Having a hard time accessing your target sites? Use ScraperAPI to bypass any anti-scraping mechanism you encounter. Get 5,000 free API credits and never get blocked again!
Web scraping can be difficult, particularly when most popular sites actively try to prevent developers from scraping their websites using a variety of techniques such as:
- IP address detection
- HTTP request header checking
In today’s article, we’re going to explore some of the strategies you can use to avoid these blocks, allowing you to build web scrapers that are nearly impossible to detect and easy to scale.
1. IP Rotation
The number one way sites detect web scrapers is by examining their IP address and tracking how it’s behaving.
If the server finds a pattern, strange behaviors, or an impossible request frequency (to name a few) for a real user, the server can block the IP address from accessing the site again.
To avoid sending all of your requests through the same IP address, you can use an IP rotation service like ScraperAPI or other proxy services in order to route your requests through a proxy pool to hide your real IP address while scraping the site. This will allow you to scrape the majority of websites without issue.
However, not all proxies are made equal. For sites using more advanced proxy anti-scraping mechanisms, you may need to try using residential proxies.
if you are not familiar with what this means, you can check out our article on the different types of proxies to learn the difference.
Ultimately, using IP rotation, your scraper can make requests appear to be from different users and mimic the normal behavior of online traffic.
When using ScraperAPI, our smart IP rotation system will use years of statistical analysis and machine learning to rotate your proxies as needed, from a pool of data center, residential, and mobile proxies to ensure a 99.99% success rate.
2. Set a Real User-Agent
User Agents are a special type of HTTP header that will tell the website you are visiting the exact browser you are using.

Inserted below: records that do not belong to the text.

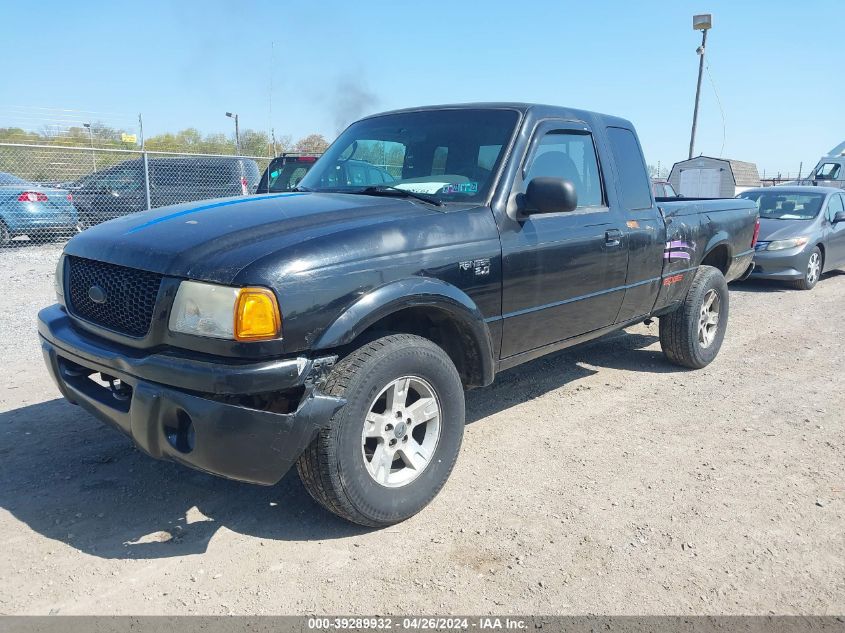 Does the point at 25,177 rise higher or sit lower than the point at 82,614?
higher

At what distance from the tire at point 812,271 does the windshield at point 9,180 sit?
12551mm

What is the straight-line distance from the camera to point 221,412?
8.43 ft

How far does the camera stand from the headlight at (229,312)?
2.59 metres

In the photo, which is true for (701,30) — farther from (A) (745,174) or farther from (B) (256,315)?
(B) (256,315)

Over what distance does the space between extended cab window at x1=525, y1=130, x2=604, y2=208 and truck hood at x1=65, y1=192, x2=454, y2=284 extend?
88 centimetres

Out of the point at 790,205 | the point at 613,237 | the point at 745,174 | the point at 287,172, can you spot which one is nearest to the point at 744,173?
the point at 745,174

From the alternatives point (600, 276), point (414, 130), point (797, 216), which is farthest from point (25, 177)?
point (797, 216)

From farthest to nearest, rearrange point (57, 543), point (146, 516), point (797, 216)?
point (797, 216)
point (146, 516)
point (57, 543)

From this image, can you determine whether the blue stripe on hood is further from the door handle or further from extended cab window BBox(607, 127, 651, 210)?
extended cab window BBox(607, 127, 651, 210)

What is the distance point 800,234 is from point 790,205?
3.94 ft

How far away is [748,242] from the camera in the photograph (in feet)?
21.0

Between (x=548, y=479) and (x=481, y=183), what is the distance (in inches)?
65.2

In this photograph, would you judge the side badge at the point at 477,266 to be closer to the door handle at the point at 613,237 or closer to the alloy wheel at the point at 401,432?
the alloy wheel at the point at 401,432

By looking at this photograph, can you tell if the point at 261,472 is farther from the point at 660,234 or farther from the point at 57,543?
the point at 660,234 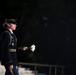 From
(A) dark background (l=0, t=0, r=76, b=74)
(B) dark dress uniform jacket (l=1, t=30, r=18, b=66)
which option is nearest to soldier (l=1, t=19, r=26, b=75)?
(B) dark dress uniform jacket (l=1, t=30, r=18, b=66)

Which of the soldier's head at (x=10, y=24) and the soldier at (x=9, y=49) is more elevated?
the soldier's head at (x=10, y=24)

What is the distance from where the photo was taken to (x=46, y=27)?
2088 cm

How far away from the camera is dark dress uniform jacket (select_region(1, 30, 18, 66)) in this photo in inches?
287

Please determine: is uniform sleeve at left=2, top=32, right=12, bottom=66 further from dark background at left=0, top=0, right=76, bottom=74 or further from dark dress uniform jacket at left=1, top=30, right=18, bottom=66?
dark background at left=0, top=0, right=76, bottom=74

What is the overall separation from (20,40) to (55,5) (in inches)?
94.3

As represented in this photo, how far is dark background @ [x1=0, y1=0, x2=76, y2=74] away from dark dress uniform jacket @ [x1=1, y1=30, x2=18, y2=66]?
1065 cm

Some websites will examine User-Agents and block requests from User Agents that don’t belong to a major browser, and because most web scrapers don’t bother setting the User-Agent, they become easy to detect.
Don’t be one of these developers!
Remember to set a popular User Agent for your web crawler (here’s a list of popular User-Agents you can use).
For advanced users, you can also set your User-Agent to the Googlebot User Agent since most websites want to be listed on Google and, therefore, let Googlebot access their content.
Note: Yes, Google uses web scraping.
It’s important to remember to keep the User Agents you use relatively up to date. Every new update to Google Chrome, Safari, Firefox, etc., has a completely different user agent, so if you go years without changing the user agent on your crawlers, they will become more and more suspicious.
It may also be smart to rotate between a number of different user agents so that there isn’t a sudden spike in requests from one exact user agent to a site (this would also be fairly easy to detect).
The good news is that you don’t need to worry about this when using ScraperAPI.
3. Set Other Request Headers
Real web browsers will have a whole host of headers set, any of which can be checked by careful websites to block your web scraper.
In order to make your scraper appear to be a real browser, you can navigate to https://httpbin.org/anything, and simply copy the headers that you see there (they are the headers that your current web browser is using).
Things like “Accept”, “Accept-Encoding”, “Accept-Language”, and “Upgrade-Insecure-Requests” being set will make your requests look like they are coming from a real browser so you won’t get your web scraping blocked.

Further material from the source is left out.